Branch Name Structure Branch Name Structure
bromo Br– fluoro F–
PROPERTIES OF ALKANES AND ALKENES
Alkanes and alkenes are both non-polar substances. The bonds between the molecules are weak intermolecular forces. As a result these substances have low melting and boiling point, and many of them exist as gases or liquids at room temperature. Generally the longer the carbon chain, however, the higher the melting and boiling points, which is which methane is gas, while octane is a liquid. This is because there are more bonds to break in a longer carbon chain, which means more energy is needed.
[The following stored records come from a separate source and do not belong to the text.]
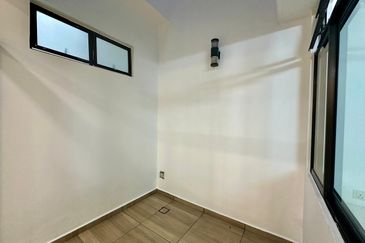 Maple Red, Adda Heights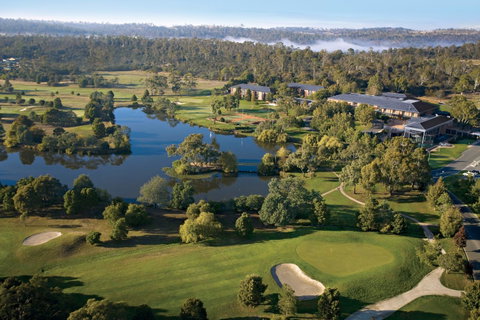 Country Club Tasmania - Surfers Paradise Gold Coast 0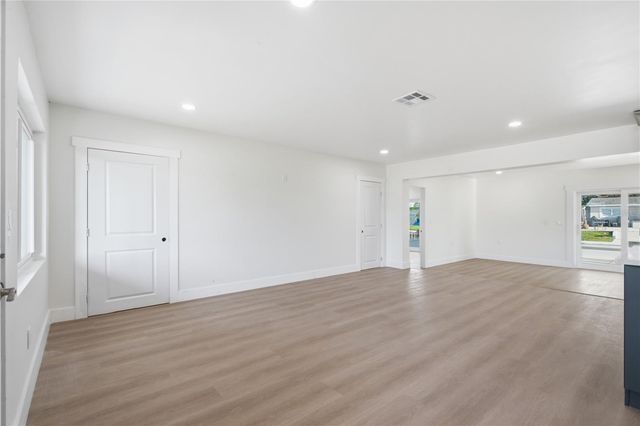 9460 TREASURE LANE NE, St Petersburg, FL 33702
Alkenes tend to have lower melting and boiling points than alkanes because alkenes are smaller, and therefore fewer bonds that need to be broken, and therefore less energy required to change its state from solid to liquid, or liquid to gas.
The density naturally increases as the carbon chain increases (i.e. the molecular weight increases). Alkanes and alkenes, when present as a liquid are less than water. They also are insoluble in water because they are non-polar substance and water prefers being bonded to its own atoms (as it is a polar substance). This means when placed in water, alkanes and alkenes will float on-top of the water, forming an immiscible layer.
Alkanes and alkenes have a high volatility, which means they go from a liquid to gaseous state much easier than low volatile liquids. Volatility also means a relatively high partial pressure of their gas above the liquid’s surface.
FLASH POINTS
The flashpoint is the lowest temperature where if a small flame is applied to the vapour above the fuel will cause it to ignite in a closed container with air. Chemicals that have a low flash point, such as hydrocarbons have low boiling points. In fact, all hydrocarbons up to octane have a flash point less the room temperature meaning that potential to ignite at room temperature (25°C).
USES OF HYDROCARBONS
The major uses of hydrocarbons are as fuels such as:
natural gas for domestic uses, such as cooking and heating, and also in industry LPG for caravans and barbeques (and even some cars)
petrol and diesel for cars, trucks, vans and trucks kerosene for jet aircraft
Higher molecular weight hydrocarbons are used as lubricating oils and greases. Vaseline is a highly purified form of these high molecular weight hydrocarbons, while paraffin waxes are a mixture of high molecular weight alkanes. Low molecular weight hydrocarbons are used as propellants in aerosol sprays. Many hydrocarbons are solvents as well.
SAFETY ISSUES WITH HYDROCARBONS
Hydrocarbons are extremely flammable (especially the low molecular weight), and are toxic in high concentrations. They also have a high volatility, meaning they can quickly form a flammable and explosive mixture with air.
As a result the following safety precautions are undertaking when using hydrocarbons: A well-maintained cylinders and fittings for gaseous hydrocarbons are used These cylinders are stored away from sources of electrical sparks
Odours are added for early detection of leaks Sturdy containers are used for liquids
The quantities of these substances used are minimised, especially in everyday usage. These substances are kept away from exposed flames and sparks.
Warning signs are placed around the storage of these liquids as well as on the containers which store these substances.
These substances should never be handled in confined spaces, instead well-ventilated rooms or a fume-hood should be used.